───── Data segment ─────

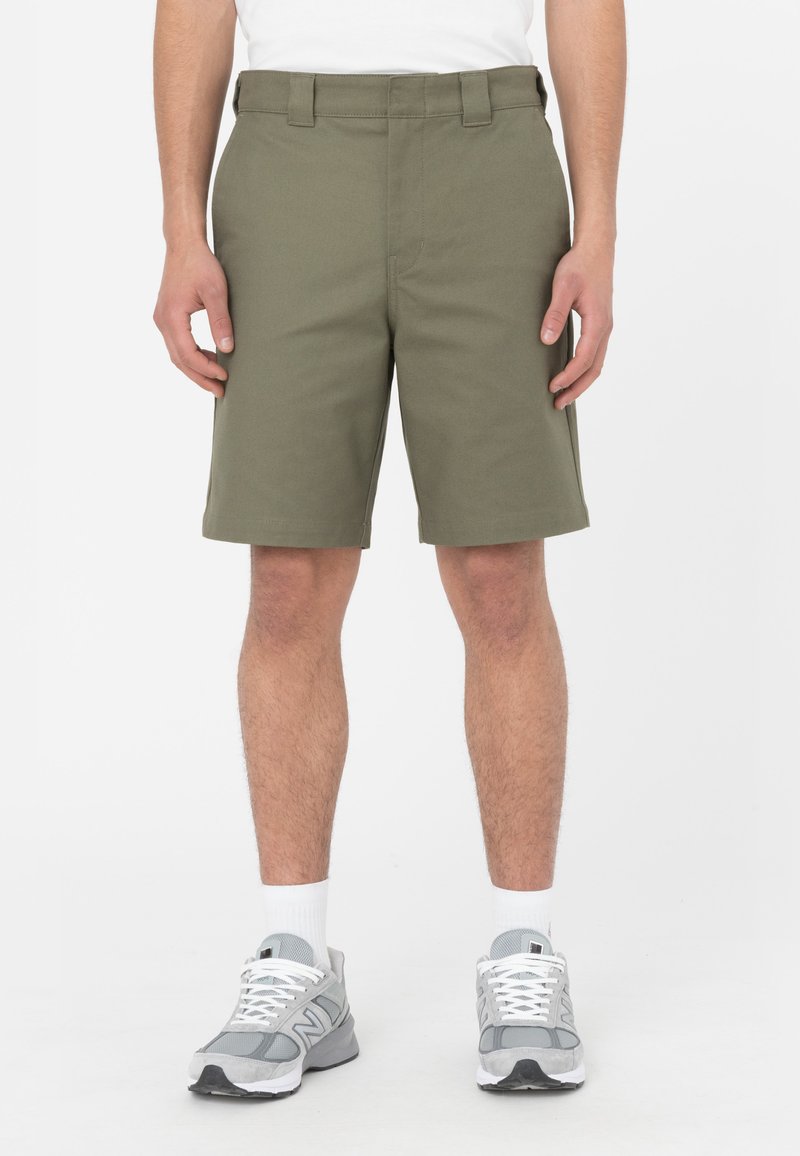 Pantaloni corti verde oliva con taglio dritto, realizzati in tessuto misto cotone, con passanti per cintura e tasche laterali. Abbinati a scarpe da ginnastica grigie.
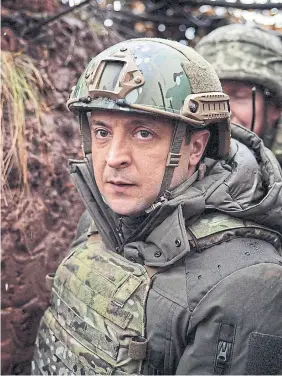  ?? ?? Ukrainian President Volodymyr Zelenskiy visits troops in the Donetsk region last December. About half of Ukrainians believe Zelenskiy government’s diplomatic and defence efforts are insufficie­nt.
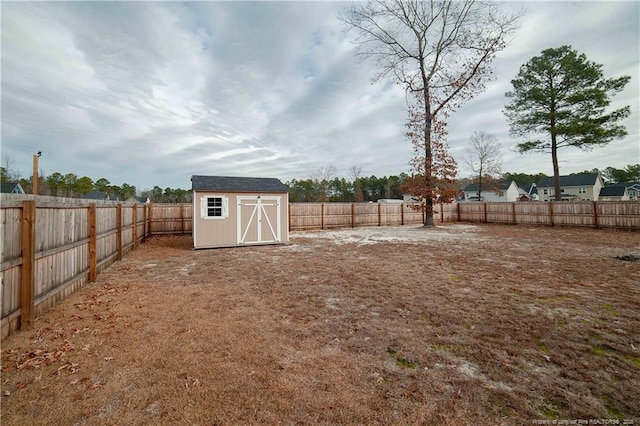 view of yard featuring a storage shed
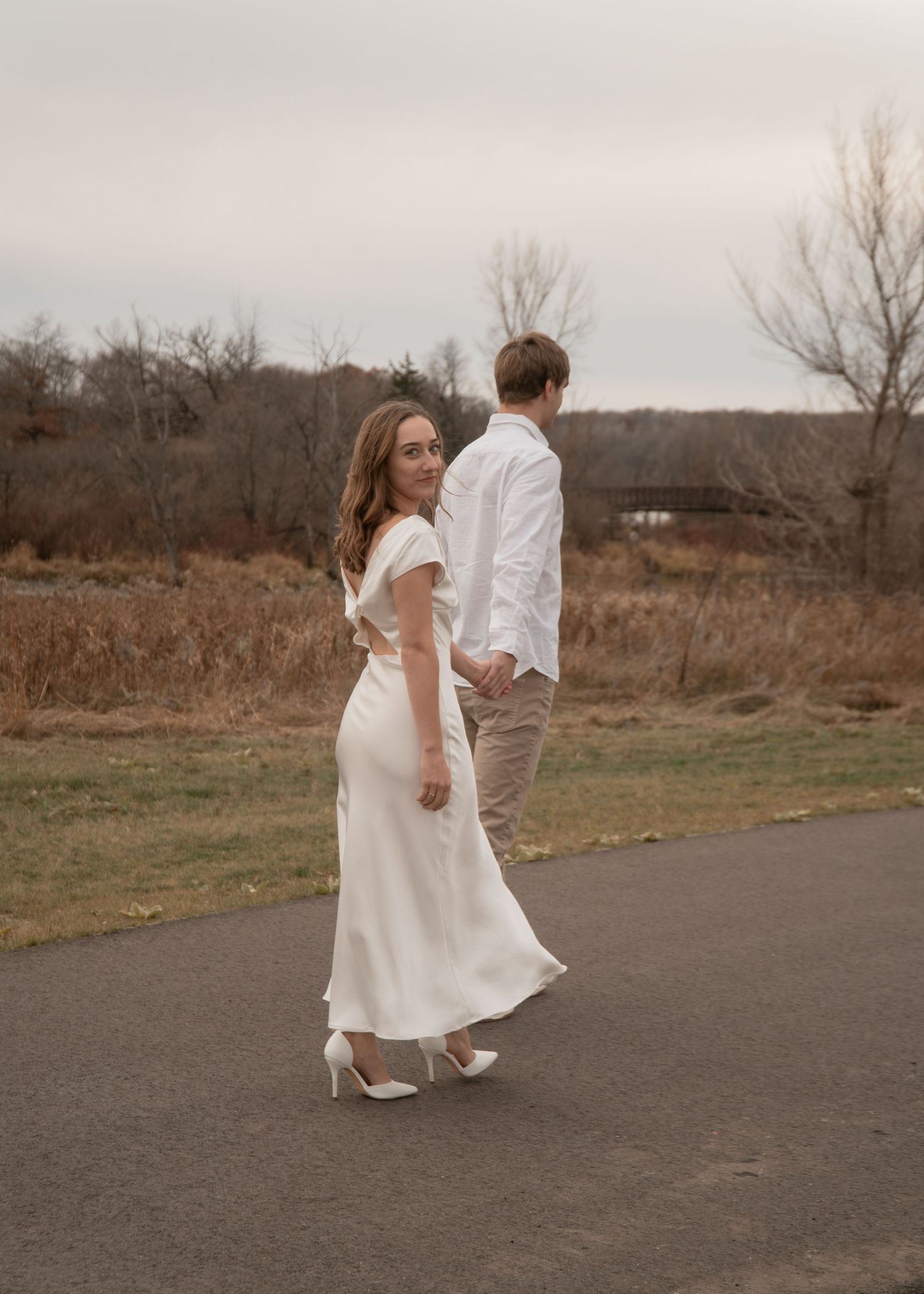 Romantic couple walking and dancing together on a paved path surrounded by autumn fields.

─────

- [Goal of the exercise]: Without any pictures, write out the lines running from the one containing "view of yard featuring a storage shed" through the end of the listing above, both included, exactly as given.

- [Solution to the problem]:
 view of yard featuring a storage shed
 Romantic couple walking and dancing together on a paved path surrounded by autumn fields.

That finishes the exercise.